(Stored dataset items)
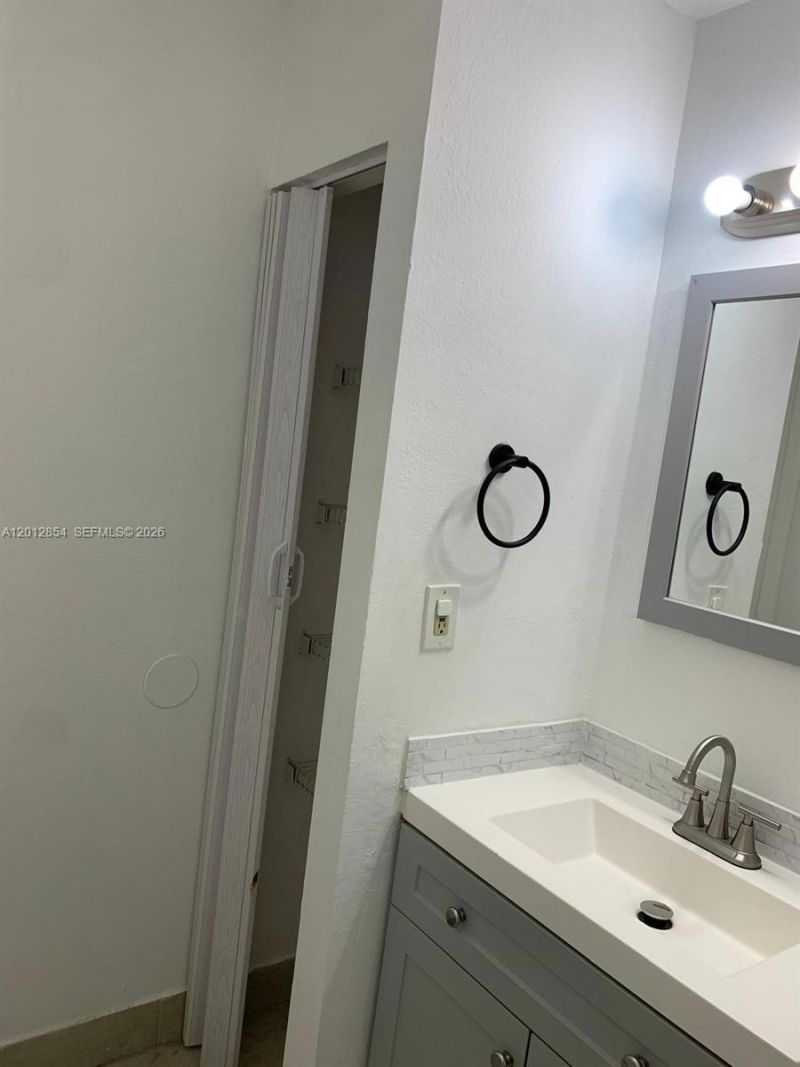 1201 Lake Victoria Dr, Unit V, West Palm Beach, FL 33411 Photo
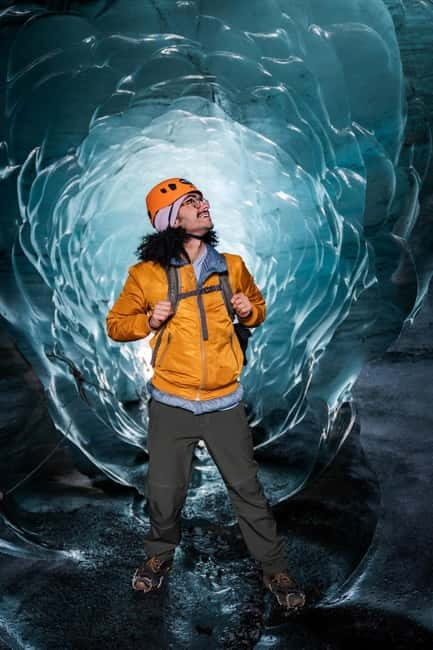 Reykjavik: Katla Ice Cave & South Coast Waterfalls Tour - Skógafoss: a powerful first waterfall stop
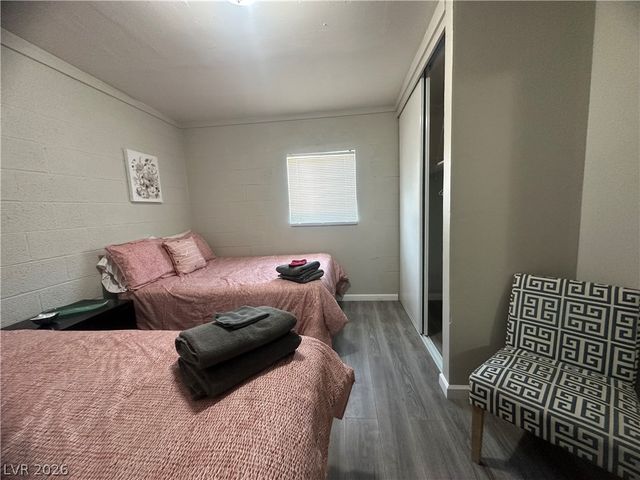 1312 East Saint Louis Avenue, Las Vegas, NV 89104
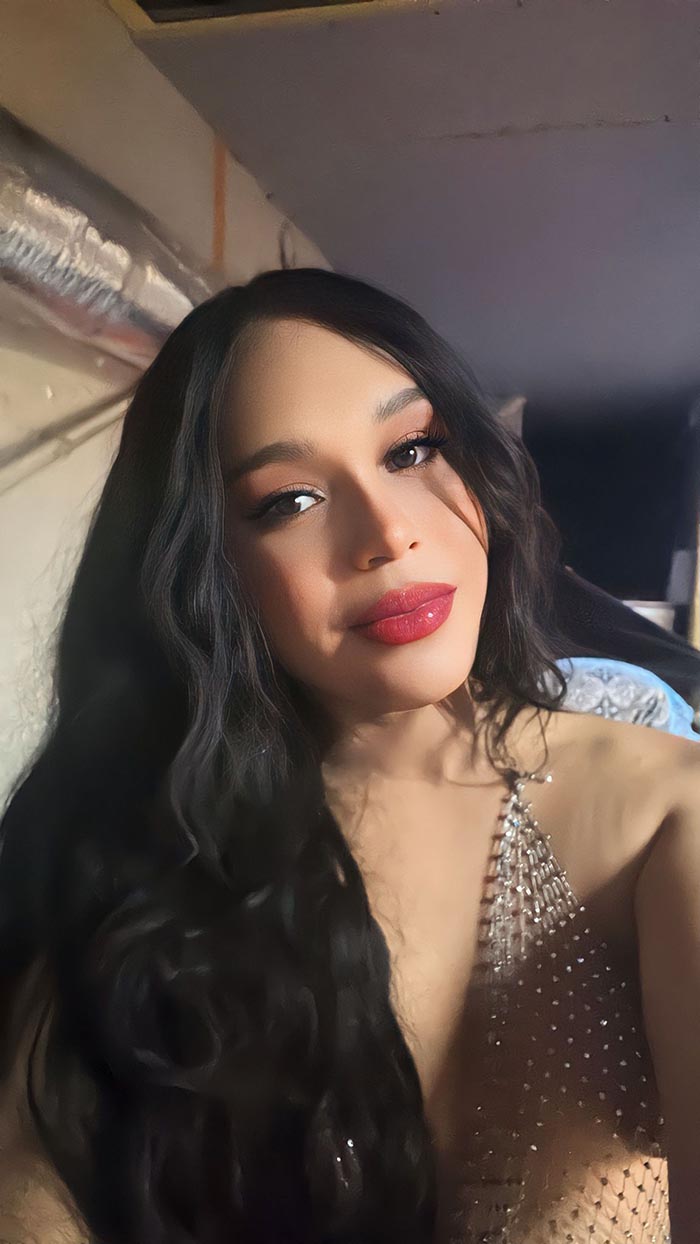 Samantha Zafiro preciosa masajista trans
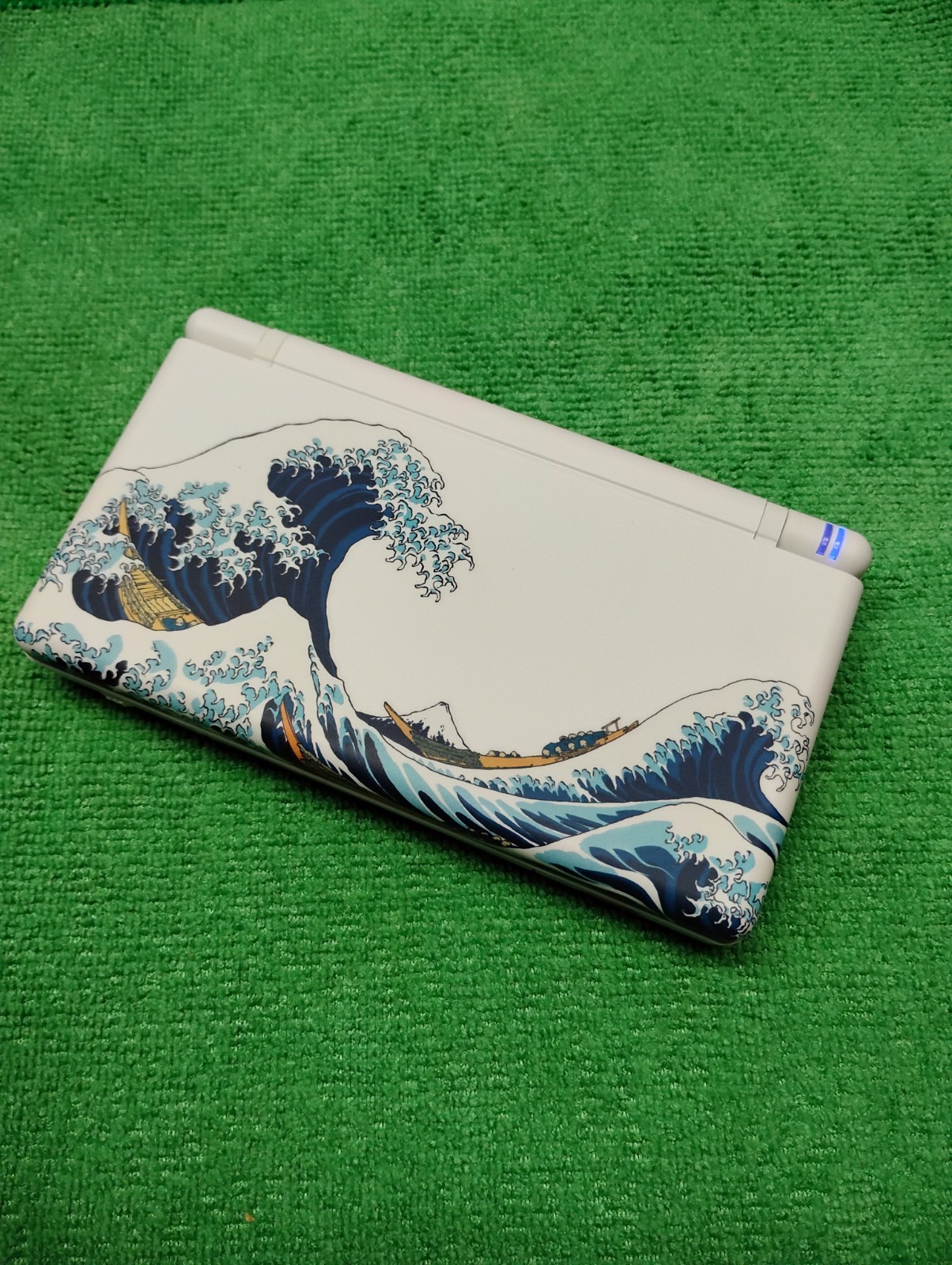 DS Lite Grate Wave With Blue Power LED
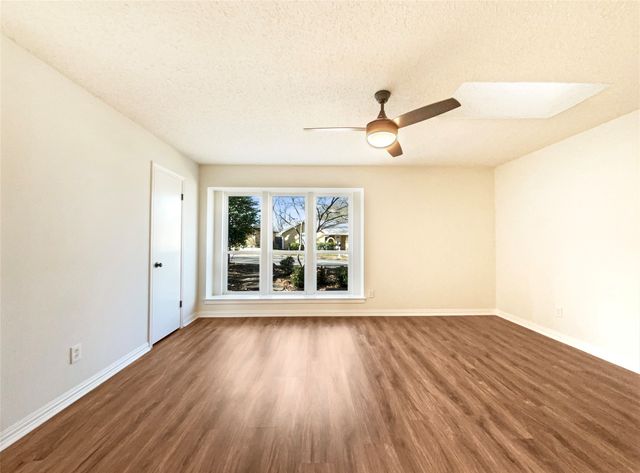 2201 Shady Meadow Court, Arlington, TX 76013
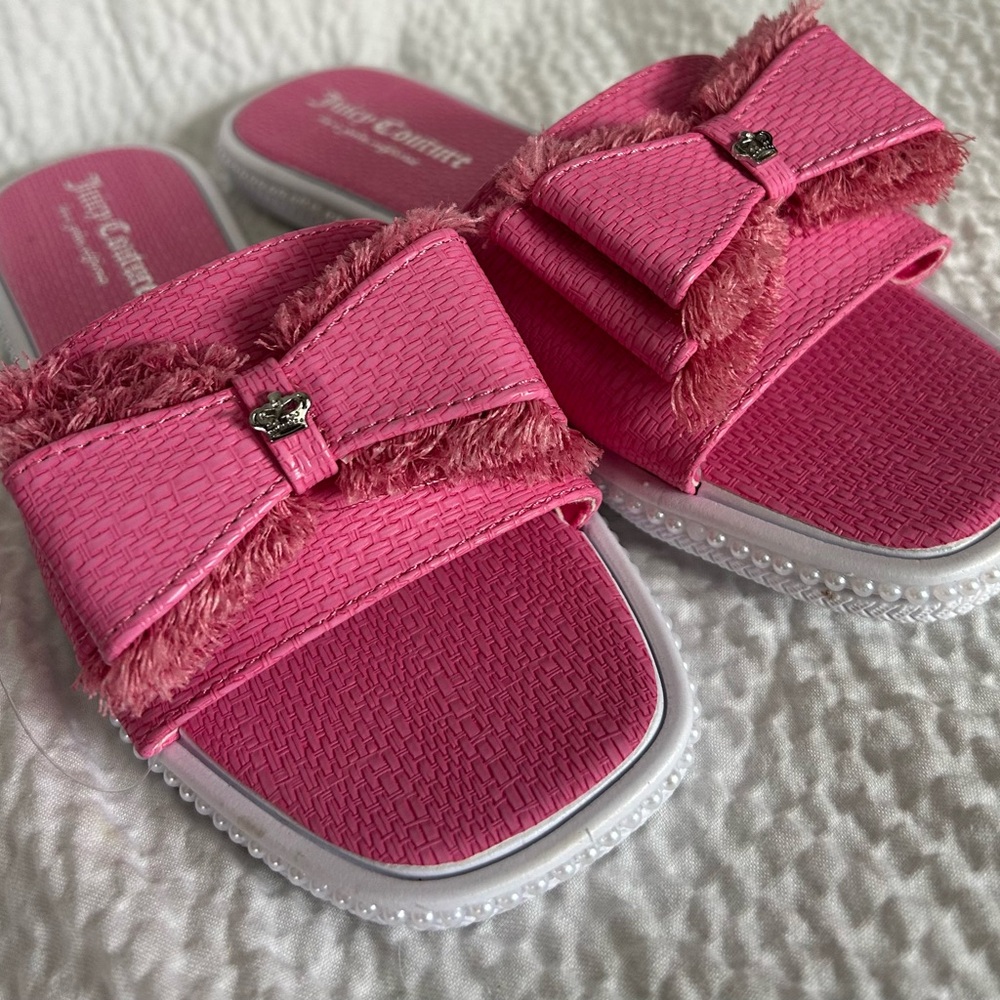 Juicy Couture Pink Slippers with Comfortable Slip-On Design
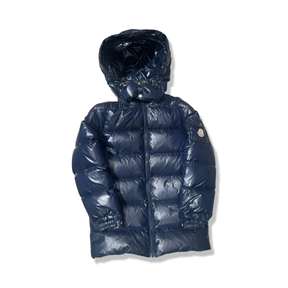 Blå dunjacka från Moncler med huva, fotograferad framifrån mot en vit bakgrund.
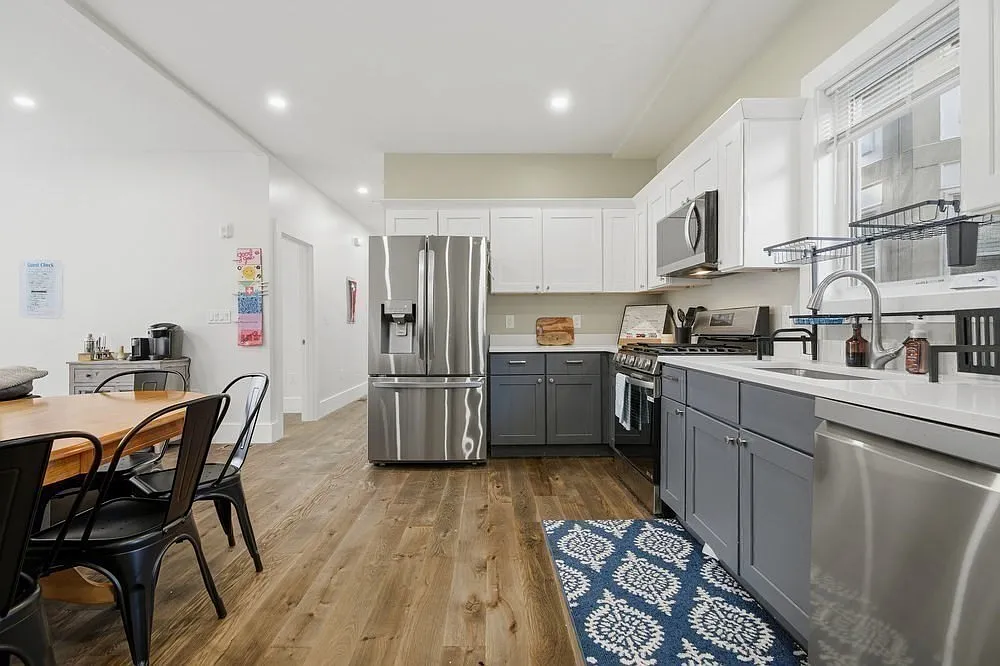 Building Photo - 97 Hillside St #3A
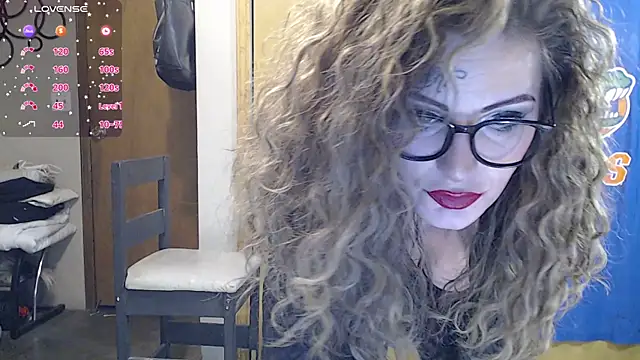 Snapshot of meganluv69 chatting on 4, 3, 2025 meganluv69 online show from 4, 3, 2025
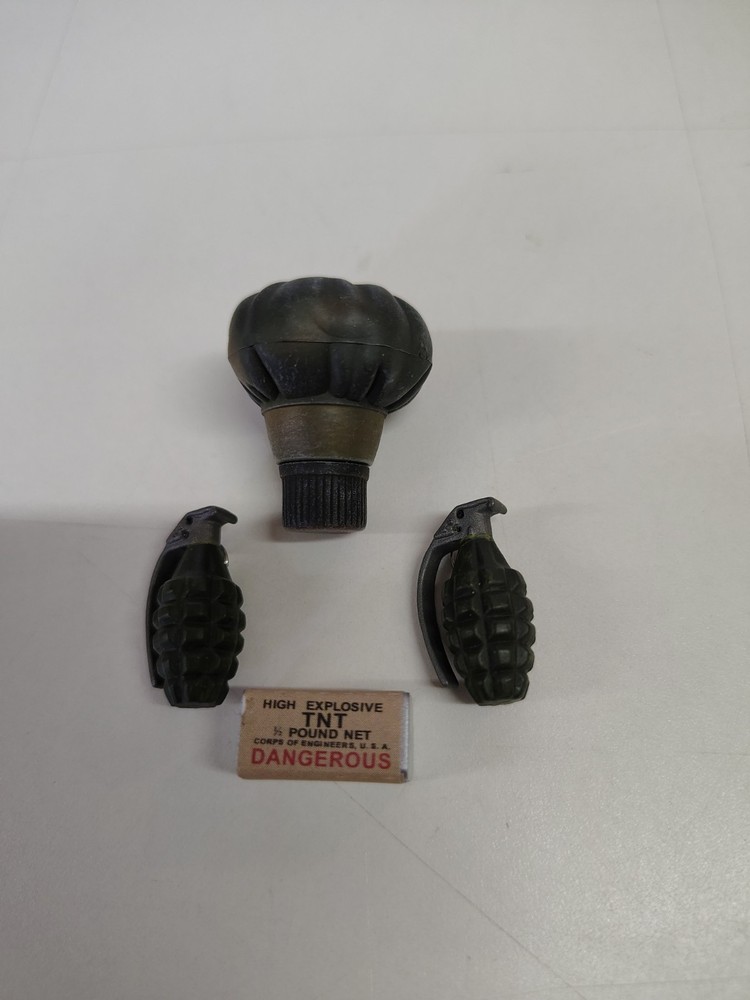 Military Figure Accessories Ordinances, Gammon Bomb, Pineapple Grenades, TNT….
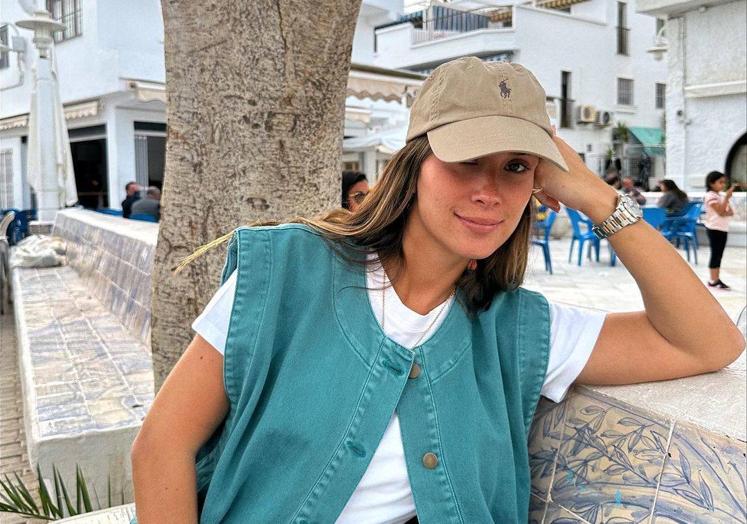 Imagen principal - Arriba, María Pombo con gorra, una de las tendencias del verano. Abajo, un collar de perlas de Creu y un cinturón joya de Natalia Frigenti.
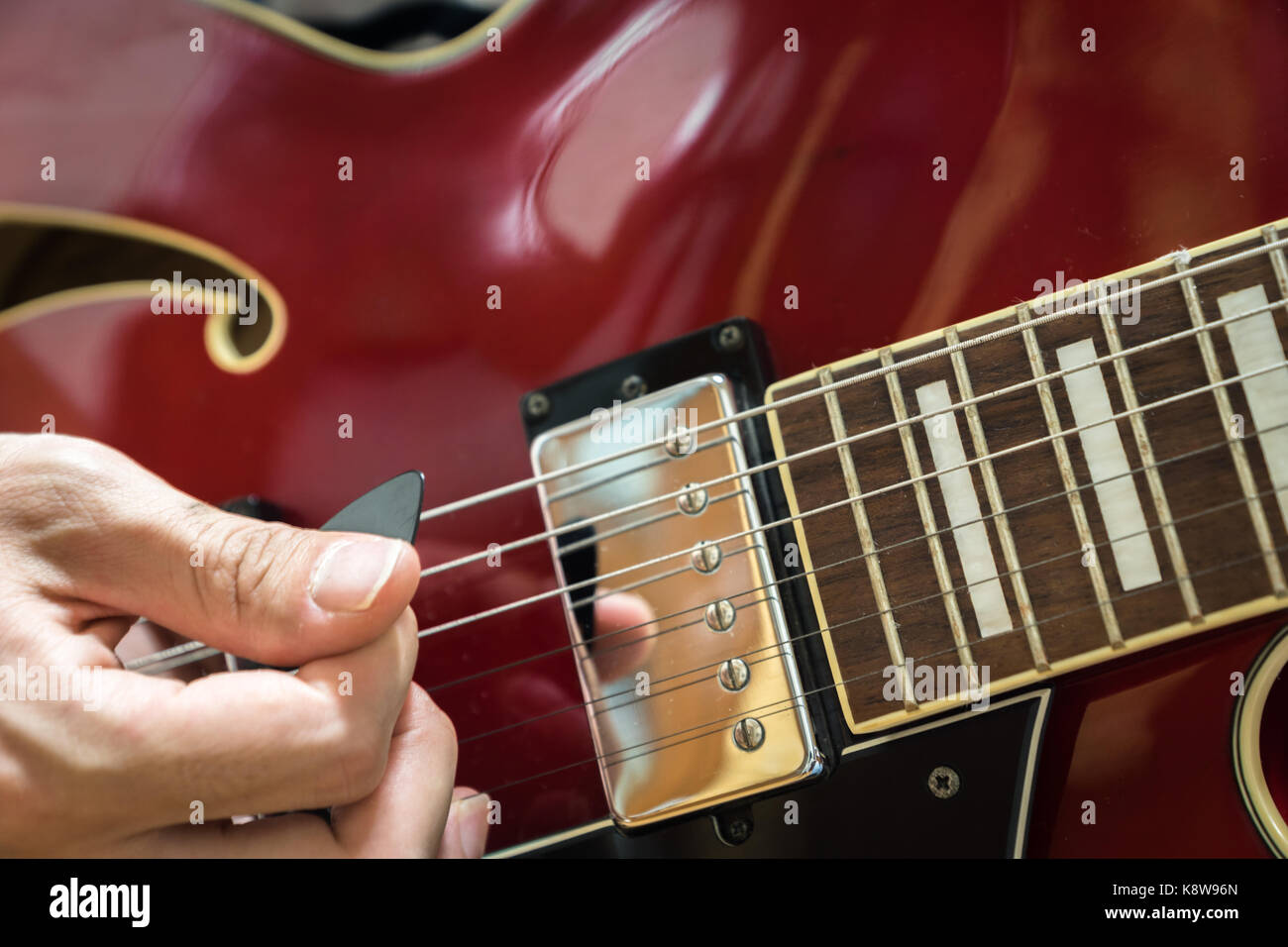 Chitarra elettrica di close-up per suonare jazz rock musica Foto Stock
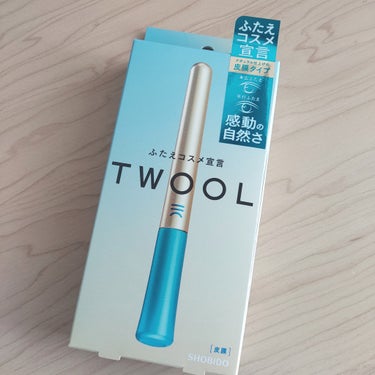 
みなさん、こんにちは！！ よんです☺️✨

今回、LIPSのプレゼントキャンペーンで
TWOOL ダブルアイリッドハイブリッドフィルムを
いただきました。  ありがとうございます！

こちらの商品皮膜タイプの二重アイテムを紹介します。


ー

# SHOBIDO #TWOOL #トゥール
#ダブルアイリッドハイブリッドフィルム
#皮膜   膜を作ってまぶたに折り込むタイプ

見たことある！使ったことある！という方も
いると思いますが、私は今回初めて使いました。

皮膜タイプの二重自体は、毎日のように使っていて
このダブルアイリッドハイブリットフィルムも
すごく気になっていたものになります。


ー

中身は説明書、本体、TWOOL専用プッシャーです。

説明書はカラーなので見やすく、なりたい目元によって
こうやって塗るといいですよ！というのが載っていたり、
TWOOL専用プッシャーの使い方も載っていて
他の二重アイテムのプッシャーだと
少し頼りないものもあるなと感じたことがありますが、
こちらはしっかりしたプッシャーでグッと二重のラインを
抑えることが出来るなと思いました。


本体はかなりスタイリッシュです。
細くて長い作りになっていて
ゴールドとブルーというおしゃれな色合いです。

基本的に塗り直しとかをすることがないので
私は気になりませんでしたが、本体が長いので
持ち歩きには少し不向きかもしれないです。

サイズ感としては、アイライナーと同じくらいの
長さと思ってもらえるといいです。

ー

塗り方としては、、、
まず二重にしたいラインを決めて
そのラインよりも下に塗ります。
塗ったあとに液が完全に乾くまで乾かします。
そして二重にしたいラインをプッシャーで押さえながら
目を開けて、ラインに沿って形を調節して完成です。

※プッシャーを使うときに目を突かないように気をつけてください。


ー

皮膜タイプのいいところは、
メイクの上から塗布出来ることです🙆

クリームシャドウなど油分が多いとアイテムの場合は
相性が悪い場合ありますので、お気をつけて。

◆ **Exercise objective**: Repeat exactly the lines above, from the line that contains "Imagen principal - Arriba, María" down through the line that contains "そのラインよりも下に塗ります。". Include both of those lines and none of the pictures.

◆ **Task response**:
 Imagen principal - Arriba, María Pombo con gorra, una de las tendencias del verano. Abajo, un collar de perlas de Creu y un cinturón joya de Natalia Frigenti.
 Chitarra elettrica di close-up per suonare jazz rock musica Foto Stock
みなさん、こんにちは！！ よんです☺️✨

今回、LIPSのプレゼントキャンペーンで
TWOOL ダブルアイリッドハイブリッドフィルムを
いただきました。  ありがとうございます！

こちらの商品皮膜タイプの二重アイテムを紹介します。


ー

# SHOBIDO #TWOOL #トゥール
#ダブルアイリッドハイブリッドフィルム
#皮膜   膜を作ってまぶたに折り込むタイプ

見たことある！使ったことある！という方も
いると思いますが、私は今回初めて使いました。

皮膜タイプの二重自体は、毎日のように使っていて
このダブルアイリッドハイブリットフィルムも
すごく気になっていたものになります。


ー

中身は説明書、本体、TWOOL専用プッシャーです。

説明書はカラーなので見やすく、なりたい目元によって
こうやって塗るといいですよ！というのが載っていたり、
TWOOL専用プッシャーの使い方も載っていて
他の二重アイテムのプッシャーだと
少し頼りないものもあるなと感じたことがありますが、
こちらはしっかりしたプッシャーでグッと二重のラインを
抑えることが出来るなと思いました。


本体はかなりスタイリッシュです。
細くて長い作りになっていて
ゴールドとブルーというおしゃれな色合いです。

基本的に塗り直しとかをすることがないので
私は気になりませんでしたが、本体が長いので
持ち歩きには少し不向きかもしれないです。

サイズ感としては、アイライナーと同じくらいの
長さと思ってもらえるといいです。

ー

塗り方としては、、、
まず二重にしたいラインを決めて
そのラインよりも下に塗ります。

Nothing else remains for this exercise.